Maximum Number of Potholes That Can Be Fixed - Video Solutions

Problem Overview: You receive a road represented as a string where potholes appear as consecutive segments. Repairing a segment has a fixed setup overhead plus a cost proportional to the number of potholes fixed. Given a repair budget B, the task is to maximize how many potholes you can repair.

Approach 1: Brute Force Segment Selection (Exponential)

Start by scanning the string and extracting every contiguous pothole segment. Then try all combinations of segments to see which set fits within the budget and produces the highest number of repaired potholes. Each segment repair costs length + 1 due to the setup overhead. This approach quickly becomes infeasible because the number of segment combinations grows exponentially. Time complexity is O(2^k) where k is the number of pothole segments, and space complexity is O(k) for storing segment lengths.

Approach 2: Greedy with Sorting (O(n log n))

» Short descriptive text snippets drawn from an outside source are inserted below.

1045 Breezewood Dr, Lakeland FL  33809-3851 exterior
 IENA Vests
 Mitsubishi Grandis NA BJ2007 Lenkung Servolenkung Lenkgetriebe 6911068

First iterate through the string and collect the length of every contiguous pothole segment. Each segment of length k costs k + 1 to repair. The key observation: because every segment has the same extra overhead of +1, repairing smaller segments first gives more potholes per unit budget. Store segment lengths in an array, sort them, and process from smallest to largest. If the remaining budget can cover the full cost k + 1, repair the entire segment and subtract the cost. If not, use the remaining budget to repair as many potholes as possible within that segment (up to budget - 1 because of setup cost). Time complexity is O(n log n) due to sorting, and space complexity is O(n) for storing segment lengths. This approach uses ideas from greedy algorithms and simple sorting.

Approach 3: Counting + Greedy Optimization (O(n))

Sorting can be avoided by counting segment lengths while scanning the road. Instead of storing every segment and sorting later, track them in frequency buckets keyed by length. Then iterate from the smallest length upward and greedily spend the budget repairing segments. This preserves the same greedy insight but reduces sorting overhead. The scan to detect segments takes O(n) time, and processing bucket counts also takes linear time relative to possible segment lengths. Space complexity remains O(n). This solution combines string traversal with a greedy cost allocation strategy.

Recommended for interviews: The greedy segment strategy with sorting is the expected answer. It shows you can convert a string parsing problem into a cost optimization problem and apply a greedy ordering. Mentioning the brute force approach demonstrates problem exploration, but the sorted greedy solution shows the optimization interviewers look for.